Normalization – Adjusting a group of fields so that they add to a given value. This is usually done when the fields should add to 100%, but they add to some other value. The data is normalized by taking the ratio of the total of all fields divided by 100% and multiplying each value by that amount.
Imputations – This is the filling in of missing data. Different techniques that we have used are carry forward, carry backward, default value and expert opinion. Carry forward and carry backward involve using values from previous or future records. This is used with the knowledge that certain values are unlikely to change if you carry them forward into the future or carry them back into the past. A default value is used to fill in data when it is assumed that a missing value would infer a given answer. For example, if an application question would give a discount for answering “Yes”, then you could infer that anyone who didn’t answer would have chosen “No”. Expert Opinion involves the knowledge of experts in inferring any missing data.
Translations – This involves changing the value of the data to be consistent with other values. For example, you could have some records with a 0 and 1 and others with a Y and N. The 0 and 1 are likely to be equivalent to N and Y respectively.
Cleaning – This is the correction of erroneous data.

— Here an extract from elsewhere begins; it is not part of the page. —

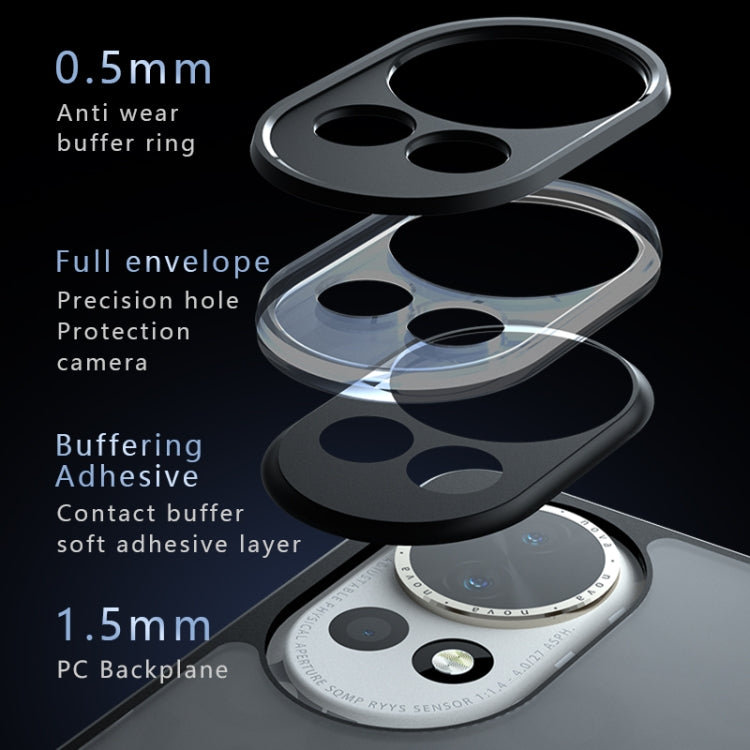 For Huawei nova 13 Armor Precise Hole PC Hybrid TPU Phone Case - Transparent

There are times where we find data that is wrong. If there is an authoritative source available, you can replace it with the correct value.
Mapping – Mapping is similar to translation, but usually involves creating a new field that groups the values together. For example, one data source could have a code of AA while another data set has a code of 123AL. These codes could both mean “Alabama Program”. Without the mapping, there is no way to match these records.
Other Considerations
Although, the technical aspects of data quality described above are important to any predictive modeling, the project will fail (or be delayed) if there is not clear documentation of the processes or communication between all parties.